**Task goal:** An exact copy of the records below is needed, with every picture left out.

Image-text web data

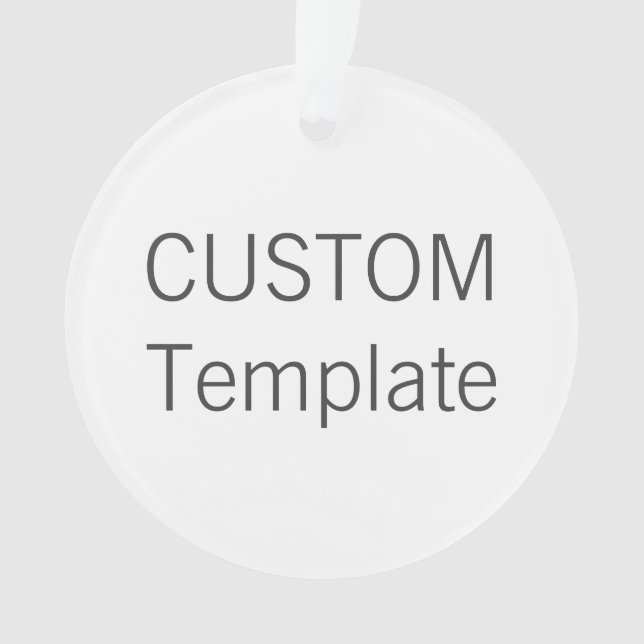 Ornement ROND acrylique fait sur commande d'arbre (devant)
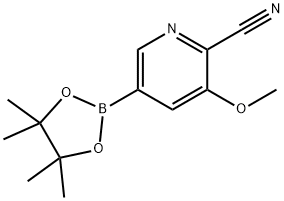 6-Cyano-5-methoxypyridin-3-ylboronic acid pinacol ester Struktur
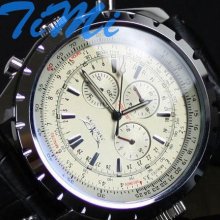 Sport White 6 hands Men Automatic Mechanical Watch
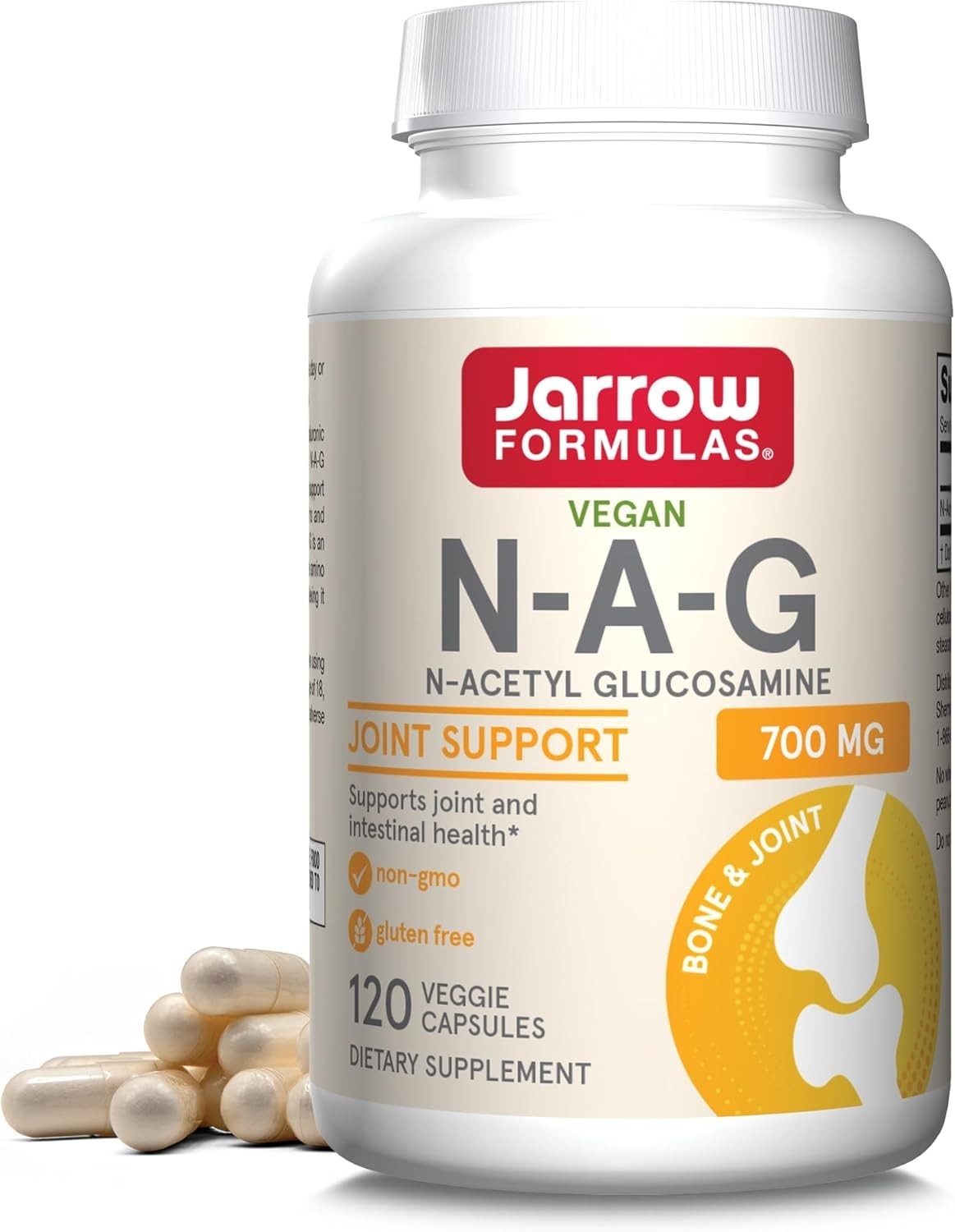 N-A-G 700 mg – Gluten-Free Veggie Capsules for Joint Health Support – 120 Count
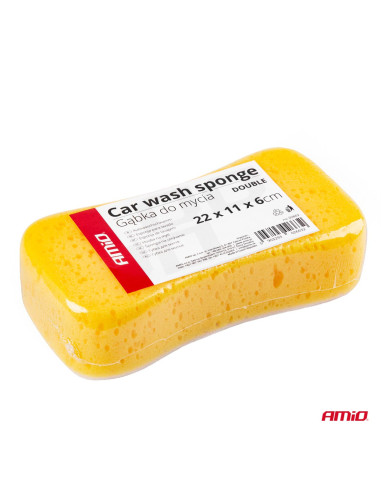 Gąbka do mycia samochodu DOUBLE 22 x 11 x 6 cm AMIO-02663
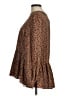Pomander Place Animal Print Brown Long Sleeve Blouse Size M - photo 4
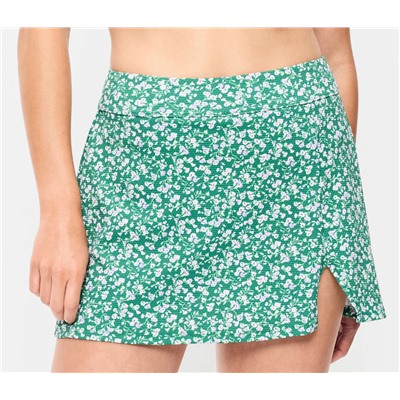 High-Waisted Matte Swim Skirt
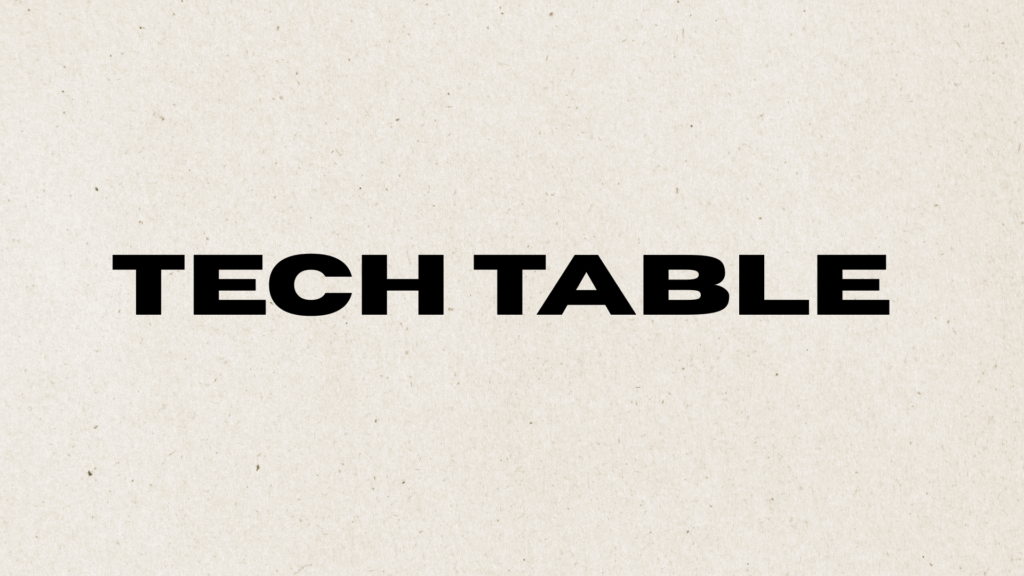tech table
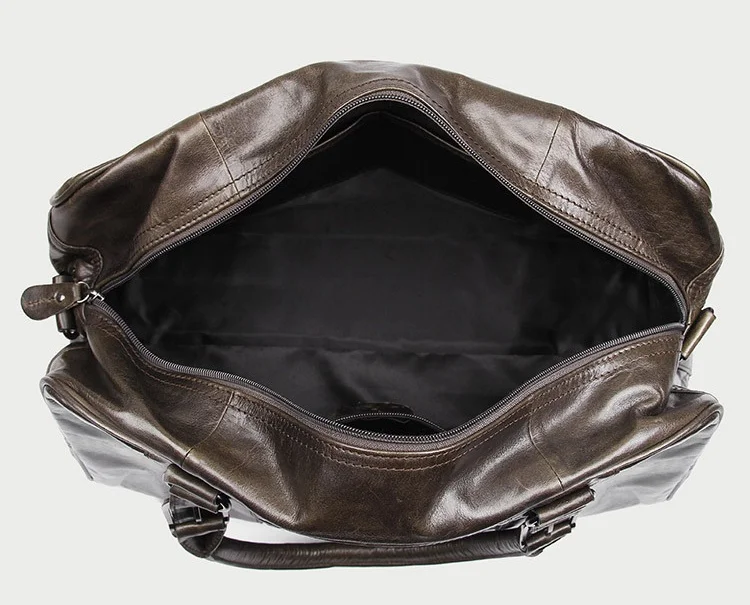 Мужская Дорожная сумка из натуральной воловьей кожи Большая вместительная для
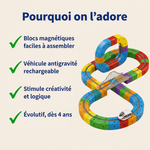 Le Train qui Grimpe les Murs — Circuit STEM Magnétique vue 5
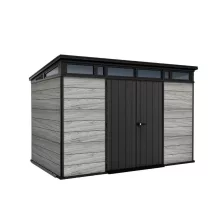 Kerti ház Keter PENT Signature 11x7 Storm Grey, padlóval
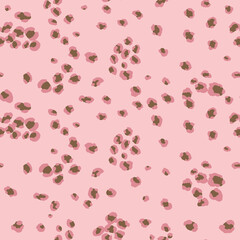 Abstract modern leopard seamless pattern. Animals trendy background. Color decorative vector stock illustration for print, card, postcard, fabric, textile. Modern ornament of stylized skin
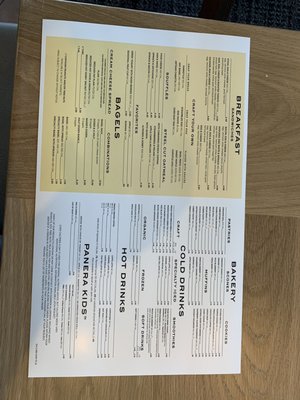 Menu photo 2 Panera Bread Hamilton Township, NJ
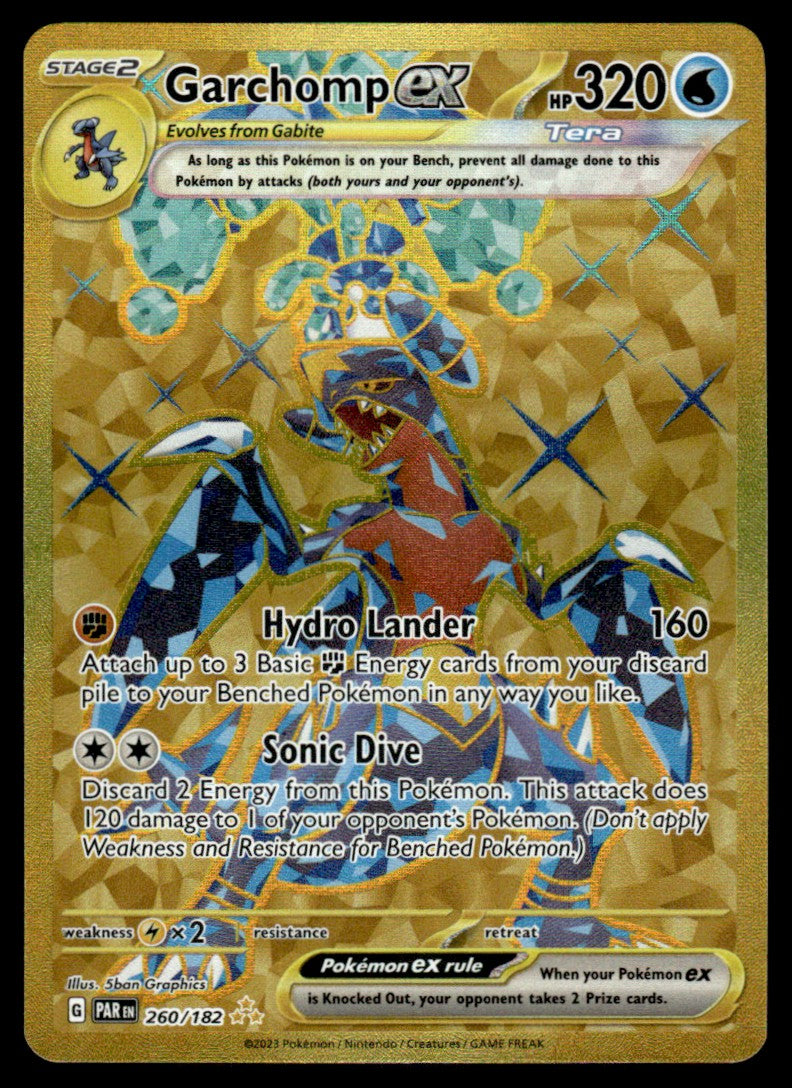 Garchomp ex 260 - Paradox Rift - Scarlet & Violet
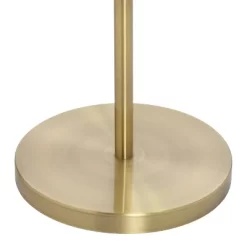 61" Meg Brushed Gold Metal Candlestick Floor Lamp With Rattan Shades - River Of Goods -Lighting Specialty Shop GUEST a305e374 0069 4eb0 9615 ea67ccba3ed3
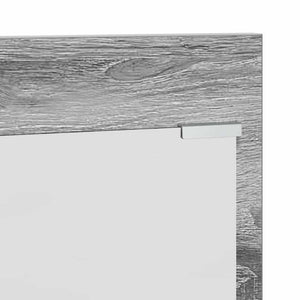 Τοίχου Κρεμάστρα με ράφι Γκρίζο Σονομα 70 x 10 x 90 εκ. - Pakobazaar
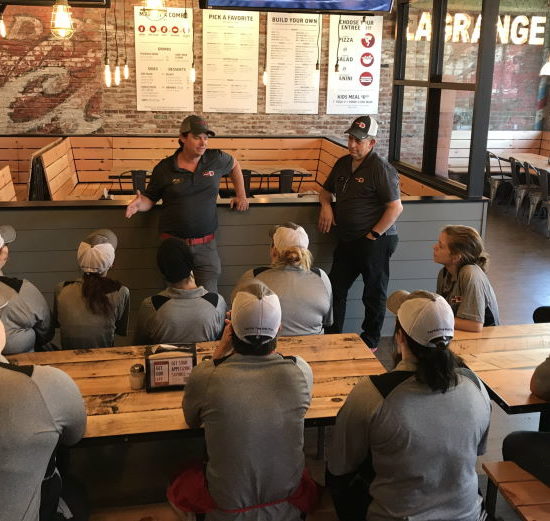 your pie pizza restaurant group meeting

**Answer to the problem:**
 Ornement ROND acrylique fait sur commande d'arbre (devant)
 6-Cyano-5-methoxypyridin-3-ylboronic acid pinacol ester Struktur
 Sport White 6 hands Men Automatic Mechanical Watch
 N-A-G 700 mg – Gluten-Free Veggie Capsules for Joint Health Support – 120 Count
 Gąbka do mycia samochodu DOUBLE 22 x 11 x 6 cm AMIO-02663
Pomander Place Animal Print Brown Long Sleeve Blouse Size M - photo 4
 High-Waisted Matte Swim Skirt
tech table
 Мужская Дорожная сумка из натуральной воловьей кожи Большая вместительная для
 Le Train qui Grimpe les Murs — Circuit STEM Magnétique vue 5
 Kerti ház Keter PENT Signature 11x7 Storm Grey, padlóval
 Abstract modern leopard seamless pattern. Animals trendy background. Color decorative vector stock illustration for print, card, postcard, fabric, textile. Modern ornament of stylized skin
 Menu photo 2 Panera Bread Hamilton Township, NJ
 Garchomp ex 260 - Paradox Rift - Scarlet & Violet
 61" Meg Brushed Gold Metal Candlestick Floor Lamp With Rattan Shades - River Of Goods -Lighting Specialty Shop GUEST a305e374 0069 4eb0 9615 ea67ccba3ed3
 Τοίχου Κρεμάστρα με ράφι Γκρίζο Σονομα 70 x 10 x 90 εκ. - Pakobazaar
 your pie pizza restaurant group meeting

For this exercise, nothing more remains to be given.